Here’s a concept: what if you don’t need to improve? What if time needs to catch up to you, not the other way around? What if the circumstances of a new year are what’s necessary to showcase what’s already great about you?
It’s a wonderful thing to recognize and foster ways to grow. But also - allow the passage of time to highlight what already makes you an admirable person.
Honor your own timing.
Let’s circle back to that study showing that the majority of resolution-makers break their promises by February. How different would the results be if everyone got to choose what month of the year they began their diet or workout regimen?
Come January 1st, we’re not all on the same page. If it makes sense to commit yourself to more exercise in warmer months, where you can enjoy outdoor activities, you may be more likely to stick with it for more than six weeks. If you want to heal from other health issues before engaging in strenuous activity, that too is a wise decision.
This applies to any change you want to make. You don’t have to be ready just because the calendar switched.
You need a break.
Honestly, is it not enough to just feel proud of making it through 2020? Let go of expectations and celebrate surviving another year. So many of our days are filed with obligations and things we need to accomplish; can New Year’s Day be the day where we say we’ve done enough?

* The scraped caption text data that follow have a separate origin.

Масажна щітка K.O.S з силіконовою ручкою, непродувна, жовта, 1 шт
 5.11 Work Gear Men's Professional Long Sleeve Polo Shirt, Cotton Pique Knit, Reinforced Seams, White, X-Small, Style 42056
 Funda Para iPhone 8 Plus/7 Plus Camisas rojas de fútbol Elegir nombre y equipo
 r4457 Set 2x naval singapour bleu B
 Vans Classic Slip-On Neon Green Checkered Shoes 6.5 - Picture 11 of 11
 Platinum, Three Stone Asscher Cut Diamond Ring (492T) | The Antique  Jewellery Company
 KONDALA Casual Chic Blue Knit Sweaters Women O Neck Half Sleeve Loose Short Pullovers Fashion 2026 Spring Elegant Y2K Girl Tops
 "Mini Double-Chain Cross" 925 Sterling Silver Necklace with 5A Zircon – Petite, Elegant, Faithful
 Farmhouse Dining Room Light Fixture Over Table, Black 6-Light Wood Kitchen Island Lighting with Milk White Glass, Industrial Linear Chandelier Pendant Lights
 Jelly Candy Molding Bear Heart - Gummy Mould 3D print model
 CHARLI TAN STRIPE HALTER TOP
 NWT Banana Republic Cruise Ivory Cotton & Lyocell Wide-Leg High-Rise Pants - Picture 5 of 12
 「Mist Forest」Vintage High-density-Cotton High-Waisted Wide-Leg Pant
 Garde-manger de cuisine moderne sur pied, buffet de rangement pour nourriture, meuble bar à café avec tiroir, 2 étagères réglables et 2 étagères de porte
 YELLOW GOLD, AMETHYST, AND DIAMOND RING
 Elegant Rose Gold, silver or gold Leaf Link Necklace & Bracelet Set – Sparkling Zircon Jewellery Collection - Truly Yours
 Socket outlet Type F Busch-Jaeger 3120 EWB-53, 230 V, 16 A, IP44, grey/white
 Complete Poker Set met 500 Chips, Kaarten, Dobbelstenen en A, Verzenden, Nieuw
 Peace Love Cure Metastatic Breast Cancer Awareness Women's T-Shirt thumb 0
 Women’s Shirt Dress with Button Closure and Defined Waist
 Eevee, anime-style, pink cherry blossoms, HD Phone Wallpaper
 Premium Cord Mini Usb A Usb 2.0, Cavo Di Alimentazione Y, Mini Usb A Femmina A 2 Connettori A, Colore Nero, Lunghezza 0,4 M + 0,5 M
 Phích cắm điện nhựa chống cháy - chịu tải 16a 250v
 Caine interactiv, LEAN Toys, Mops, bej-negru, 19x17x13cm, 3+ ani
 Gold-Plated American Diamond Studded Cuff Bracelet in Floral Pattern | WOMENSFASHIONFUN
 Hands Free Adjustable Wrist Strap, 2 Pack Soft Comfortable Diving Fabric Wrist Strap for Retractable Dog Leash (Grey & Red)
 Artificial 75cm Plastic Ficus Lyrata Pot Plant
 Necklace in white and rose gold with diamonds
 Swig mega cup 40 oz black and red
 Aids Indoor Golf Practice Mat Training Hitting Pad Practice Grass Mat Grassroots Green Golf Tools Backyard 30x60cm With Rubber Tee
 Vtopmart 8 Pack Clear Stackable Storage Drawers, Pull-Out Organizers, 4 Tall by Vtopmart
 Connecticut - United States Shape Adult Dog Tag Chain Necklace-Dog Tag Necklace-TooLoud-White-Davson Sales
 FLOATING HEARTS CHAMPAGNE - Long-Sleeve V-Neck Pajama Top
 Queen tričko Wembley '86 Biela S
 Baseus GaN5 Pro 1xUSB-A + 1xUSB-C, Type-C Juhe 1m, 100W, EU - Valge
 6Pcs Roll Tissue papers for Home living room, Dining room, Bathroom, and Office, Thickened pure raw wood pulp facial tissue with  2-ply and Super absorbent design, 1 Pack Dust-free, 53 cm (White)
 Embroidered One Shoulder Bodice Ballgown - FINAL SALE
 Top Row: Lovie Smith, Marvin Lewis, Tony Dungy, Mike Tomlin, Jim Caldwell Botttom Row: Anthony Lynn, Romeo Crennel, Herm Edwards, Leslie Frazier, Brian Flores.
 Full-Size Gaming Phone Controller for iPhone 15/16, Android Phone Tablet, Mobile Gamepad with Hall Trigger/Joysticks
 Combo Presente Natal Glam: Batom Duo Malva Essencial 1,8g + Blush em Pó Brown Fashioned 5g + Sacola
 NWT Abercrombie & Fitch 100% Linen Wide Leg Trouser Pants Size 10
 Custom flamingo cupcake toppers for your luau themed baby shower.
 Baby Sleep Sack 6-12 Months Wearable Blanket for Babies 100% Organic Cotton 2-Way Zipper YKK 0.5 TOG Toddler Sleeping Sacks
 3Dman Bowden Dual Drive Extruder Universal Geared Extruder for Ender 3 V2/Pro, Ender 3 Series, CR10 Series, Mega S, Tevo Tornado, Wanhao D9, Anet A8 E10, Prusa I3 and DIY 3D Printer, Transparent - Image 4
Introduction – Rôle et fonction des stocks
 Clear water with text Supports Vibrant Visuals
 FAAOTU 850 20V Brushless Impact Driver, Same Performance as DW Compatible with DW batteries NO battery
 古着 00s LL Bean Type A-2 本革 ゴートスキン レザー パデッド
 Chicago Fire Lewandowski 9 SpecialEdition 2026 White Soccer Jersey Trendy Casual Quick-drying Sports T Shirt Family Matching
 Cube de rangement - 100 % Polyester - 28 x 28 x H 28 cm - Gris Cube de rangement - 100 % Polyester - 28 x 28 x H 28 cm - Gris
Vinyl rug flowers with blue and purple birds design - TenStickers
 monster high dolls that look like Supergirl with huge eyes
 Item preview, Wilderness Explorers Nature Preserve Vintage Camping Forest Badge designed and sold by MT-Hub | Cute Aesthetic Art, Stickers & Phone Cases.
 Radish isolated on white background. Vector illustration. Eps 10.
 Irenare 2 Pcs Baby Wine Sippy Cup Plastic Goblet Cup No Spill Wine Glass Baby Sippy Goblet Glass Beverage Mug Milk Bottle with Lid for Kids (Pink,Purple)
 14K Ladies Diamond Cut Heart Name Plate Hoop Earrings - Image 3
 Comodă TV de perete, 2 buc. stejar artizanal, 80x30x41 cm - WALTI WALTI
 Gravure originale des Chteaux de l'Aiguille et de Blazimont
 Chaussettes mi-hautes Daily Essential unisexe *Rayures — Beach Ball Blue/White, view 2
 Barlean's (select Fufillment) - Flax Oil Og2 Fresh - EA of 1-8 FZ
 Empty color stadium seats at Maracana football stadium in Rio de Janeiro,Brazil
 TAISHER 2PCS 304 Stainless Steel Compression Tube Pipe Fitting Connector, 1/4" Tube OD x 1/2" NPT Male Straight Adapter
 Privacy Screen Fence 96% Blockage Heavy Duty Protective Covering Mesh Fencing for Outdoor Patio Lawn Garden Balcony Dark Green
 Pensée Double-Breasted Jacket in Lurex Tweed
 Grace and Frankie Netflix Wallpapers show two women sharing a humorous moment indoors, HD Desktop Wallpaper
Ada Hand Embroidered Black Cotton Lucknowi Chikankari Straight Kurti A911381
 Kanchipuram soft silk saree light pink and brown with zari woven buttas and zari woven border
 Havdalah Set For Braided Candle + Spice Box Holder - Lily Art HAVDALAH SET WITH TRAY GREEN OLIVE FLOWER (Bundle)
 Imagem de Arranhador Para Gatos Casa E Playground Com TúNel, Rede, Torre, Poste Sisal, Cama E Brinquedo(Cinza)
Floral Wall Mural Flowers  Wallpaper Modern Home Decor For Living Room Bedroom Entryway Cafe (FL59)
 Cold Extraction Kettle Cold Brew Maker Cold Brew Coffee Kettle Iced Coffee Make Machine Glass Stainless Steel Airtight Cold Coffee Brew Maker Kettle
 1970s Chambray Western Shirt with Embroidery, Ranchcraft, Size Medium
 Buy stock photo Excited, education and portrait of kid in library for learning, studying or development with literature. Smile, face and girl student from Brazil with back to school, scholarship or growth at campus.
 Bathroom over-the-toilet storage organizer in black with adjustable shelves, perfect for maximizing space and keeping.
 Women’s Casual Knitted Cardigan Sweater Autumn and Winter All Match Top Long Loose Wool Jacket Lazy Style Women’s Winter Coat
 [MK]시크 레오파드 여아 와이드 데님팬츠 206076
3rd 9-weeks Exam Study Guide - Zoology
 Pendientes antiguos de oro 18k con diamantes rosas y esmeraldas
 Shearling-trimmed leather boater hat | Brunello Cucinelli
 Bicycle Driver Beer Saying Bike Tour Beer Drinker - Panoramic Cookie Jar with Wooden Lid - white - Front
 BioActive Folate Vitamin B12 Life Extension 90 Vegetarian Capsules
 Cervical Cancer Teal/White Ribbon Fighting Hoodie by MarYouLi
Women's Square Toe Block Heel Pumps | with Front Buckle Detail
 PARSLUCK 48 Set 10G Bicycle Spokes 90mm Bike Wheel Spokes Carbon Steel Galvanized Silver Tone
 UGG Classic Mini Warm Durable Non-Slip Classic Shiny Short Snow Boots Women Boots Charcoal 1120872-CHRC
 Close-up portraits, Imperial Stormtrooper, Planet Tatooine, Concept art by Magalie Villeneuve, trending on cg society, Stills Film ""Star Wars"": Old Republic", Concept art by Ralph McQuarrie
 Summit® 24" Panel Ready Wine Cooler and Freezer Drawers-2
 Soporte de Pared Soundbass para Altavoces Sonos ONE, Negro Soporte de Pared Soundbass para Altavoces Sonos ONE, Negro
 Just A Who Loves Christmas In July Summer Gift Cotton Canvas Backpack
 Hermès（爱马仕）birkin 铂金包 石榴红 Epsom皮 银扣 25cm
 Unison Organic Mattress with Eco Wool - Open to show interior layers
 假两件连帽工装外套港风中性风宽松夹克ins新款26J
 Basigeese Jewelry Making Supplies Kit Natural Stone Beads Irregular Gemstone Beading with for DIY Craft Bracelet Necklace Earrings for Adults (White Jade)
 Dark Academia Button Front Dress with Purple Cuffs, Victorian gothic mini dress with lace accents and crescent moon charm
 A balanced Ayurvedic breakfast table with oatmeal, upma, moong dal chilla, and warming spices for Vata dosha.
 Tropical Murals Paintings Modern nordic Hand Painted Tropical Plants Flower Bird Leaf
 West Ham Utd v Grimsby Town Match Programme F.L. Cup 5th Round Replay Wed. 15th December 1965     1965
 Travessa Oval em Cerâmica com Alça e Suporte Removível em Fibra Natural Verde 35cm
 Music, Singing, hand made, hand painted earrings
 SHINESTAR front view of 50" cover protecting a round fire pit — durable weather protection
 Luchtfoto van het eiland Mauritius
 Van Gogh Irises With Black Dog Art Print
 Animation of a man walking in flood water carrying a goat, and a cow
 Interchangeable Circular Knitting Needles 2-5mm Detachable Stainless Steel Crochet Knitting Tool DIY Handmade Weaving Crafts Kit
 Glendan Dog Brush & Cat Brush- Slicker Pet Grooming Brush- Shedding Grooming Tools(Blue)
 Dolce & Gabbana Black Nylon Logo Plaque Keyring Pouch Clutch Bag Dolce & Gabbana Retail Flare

Let’s practice a new way to celebrate a new year. Instead of trying to plan or control the future, enjoy the present. Sit with your singing bowl, set an intention for gratitude, and ease into the here and now - even if it comes with sporadic worries of an uncertain future.
As you reflect on 2020, can you think of anything you achieved that you’re proud of? Can you name a past New Year’s resolution that you made good on? Let us know in the comments, and have a happy, healthy, safe, and peaceful New Year.